Delta was already much more generous than American Airlines and United with their spending waiver as neither of those airlines offers a credit card spending waiver for top-tier status. If you want United’s top tier 1K status (and you live in the United States) then you must not only fly 100,000 elite qualifying miles per year, but you have to spend $12,000 elite qualifying dollars with the airline since their credit card spending waiver is only valid through the second tier Platinum level.
With Delta, US-based members must fly 125,000 elite qualifying miles to earn their top-tier Diamond status and now either spend $15,000 per year in elite qualifying dollars with the airline or simply charge a quarter of a million dollars per year on your co-branded Delta Amex Card. A QUARTER OF A MILLION DOLLARS. That works out to charging just over $20,000 per month on the Delta co-branded cards to hit the annual requirement. I don’t know very many people that are running more than $20,000 every single month on their Delta cards.

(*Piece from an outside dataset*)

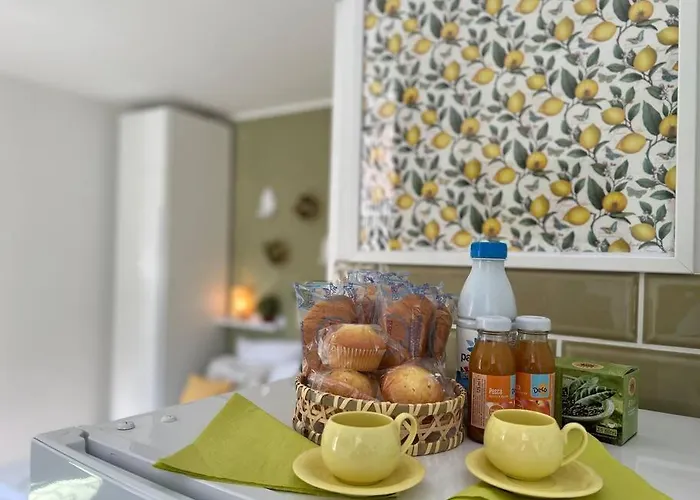 Dimora Preziosa 3 דירה בארי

This huge change is almost funny to me for two reasons. First, believe it or not, Delta is still actually more generous than the others in making a credit card spending waiver available at all for top tier status. But second, retaining a waiver but putting the bar at $250,000 per year is simply sort of laughable. I’m laughing, anyway. Maybe if I were a Delta elite flyer I wouldn’t be laughing quite so much. Had they simply done away with the spending waiver entirely it might not have been so shocking.
Delta says that the change will allow them to deliver on expectations for Diamond Medallion Status so members can maximize elite benefits like Complimentary Upgrades and Delta Sky Club access. This change kicks in beginning January 1, 2018, so it won’t impact what you are doing to earn status this year for next year. I don’t have hard numbers, but anecdotally I know many frequent flyers who largely travel on cheaper tickets that are being kept out of United’s top elite tier solely because of the spending requirements, so I imagine it will work out the same way for Delta.
It is also worth a mention that beginning January 1, 2018, the spending you put on the new no annual fee Blue Delta SkyMiles® Credit Card from American Express will not count towards the qualifying dollars waiver unless you also have another eligible Delta Amex Card. Delta is thankfully retaining the $25,000 co-branded card spending threshold for all elite status levels below Diamond.
How will these changes impact your Delta elite status qualification next year? Do you plan to run a quarter million dollars through your Delta Amex cards?
Editorial Note: The opinions expressed here are mine and not provided, reviewed, by any bank, card issuer, or other company unless otherwise stated.